Sunday, February 8, 2015

Sucky Thumb ... Calm Down Parenting

Why does my blog have out dated family pictures - look to the right. I blame sucky thumb - look to the left. Bennett. Captain Sucky Thumb. When Bennett was in utero and he started looking like more than a gummy bear, we noticed his "photo shoots" had one of two things in common. A) he had his right hand up on his forehead as if to say, "whelp, I'm the last of 4 boys, help me!" B) his thumb was firmly in his mouth. The hand situation proved excruciating for both of us at delivery. He didn't get the "tuck both hands into delivery position with ONLY your head coming out the exit" memo. He arrived into the world head and hand first.

Sucky thumb has changed my life in several ways. There are several titles for an unplanned pregnancy. "Surprise baby, bonus gift, what the hell?" or as his father refers to him, "one shot one kill". Ha. Funny from the guy facing down 4 college tuitions. Sucky thumb came into the world unexpected to say the least. I did the mental math in my head during my pregnancy and realized, "holy crap, this kid will be starting kindergarten the day my oldest starts college...". The oldest went with an early college option, so even better. Now we get to pay exorbitant preschool fees WITH college tuition. Who's laughing now "one shot one kill"?

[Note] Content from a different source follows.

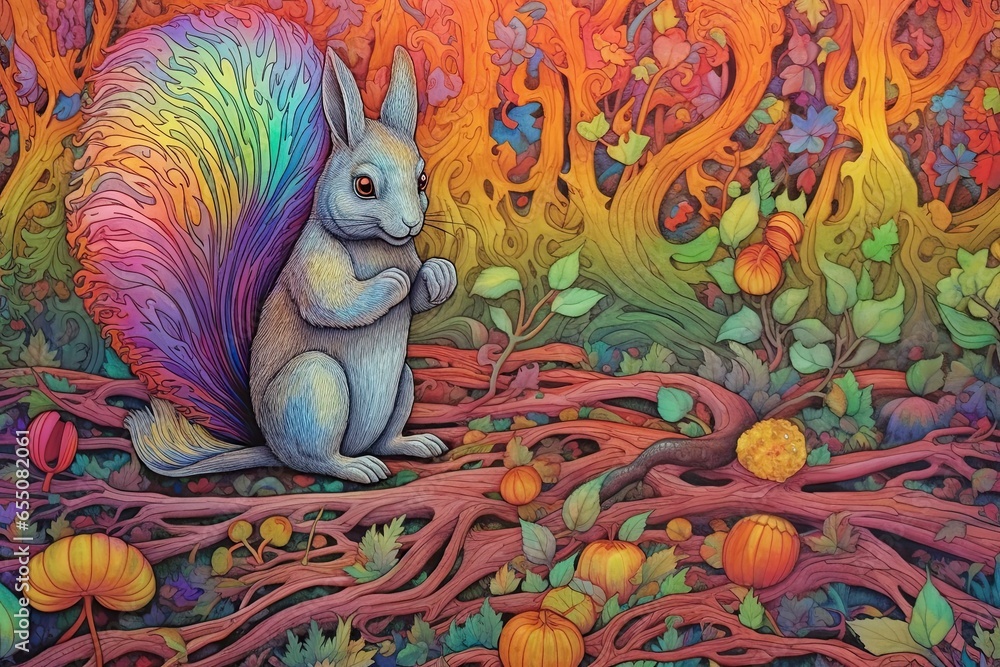 Obraz premium Vibrant Autumn Forest Scene: Playful Squirrels Collecting Acorns amidst Colorful Falling Leaves, generative AI
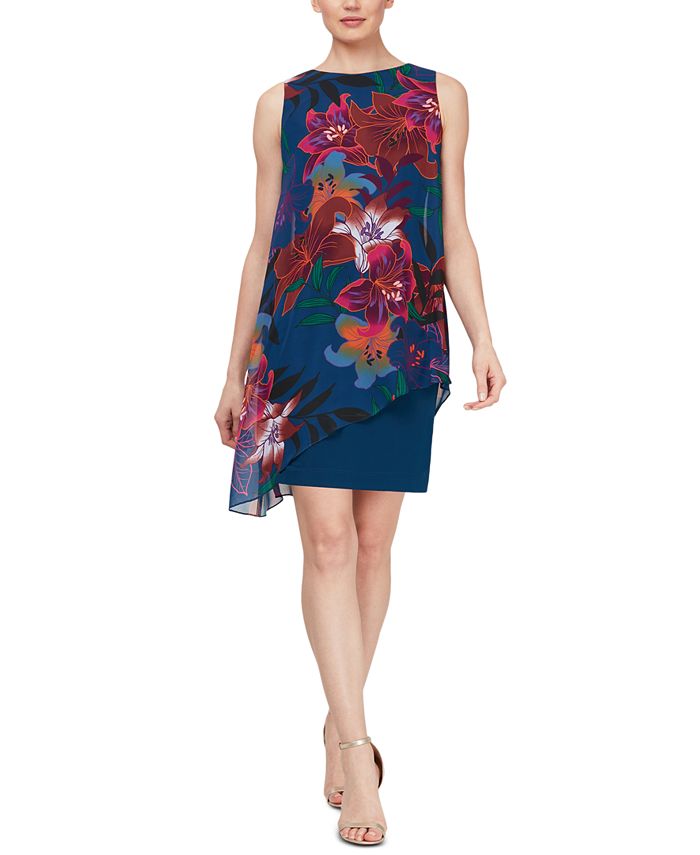 SL Fashions Asymmetrical-Overlay Dress - Macy's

Sucky thumb has slowed me down. I was just starting to get the hang of three boys when bam! God looked down, giggled, and sent me one more. But, sometimes a force greater than we realize sends us a reality check. Sucky thumb has given me a gift few moms may ever know ... calm down. There is no way I can keep up with family pictures. Wrangling four boys and and an indecisive husband into any photo shoot with everyone still looking reasonably intact ... metaphysical abnormality. Sucky thumb gives me a second chance. A second chance as an "older mom" to stop and smell the roses along the way. I didn't enroll him in preschool in utero, he wasn't potty trained at gunpoint by 2 years of age. He was three ... and a half if we 're being honest. And it was totally okay. Because sucky thumb randomly tells me, "Mom, I wub you". He doesn't have several costume changes throughout the day like his older brother (the first and holy child of all consuming mommy guilt to be the best mommy ever!) to best parenting perfection. He prefers "old man pants" (his sweat pants) and random unmatched assortments of fashionista travesty. And you know what? He's still alive, he's intelligent, and his cookie dough, peanut butter and jelly marked face mocks my parenting fails, but he's happy dammit. Happy. And that's a win in my book.

So to you, dear sucky thumb, as you have reached the ripe old age of four years-old, thank you. Thank you to the power of the universe for sending me that final chance to see magic in your every day. The glimmer of excitement in your eyes that my older eyes have long ignored reminds me to hope every day for a better, kinder, and gentler world for you my dear sucky thumb. Thank you for giving me a final mommy moment to enjoy this journey. Your giant smile every morning reminds me to see joy in the grace of every moment. Love you dear sucky thumb.We'll get family pictures later, for now, let's just enjoy the magic of existence.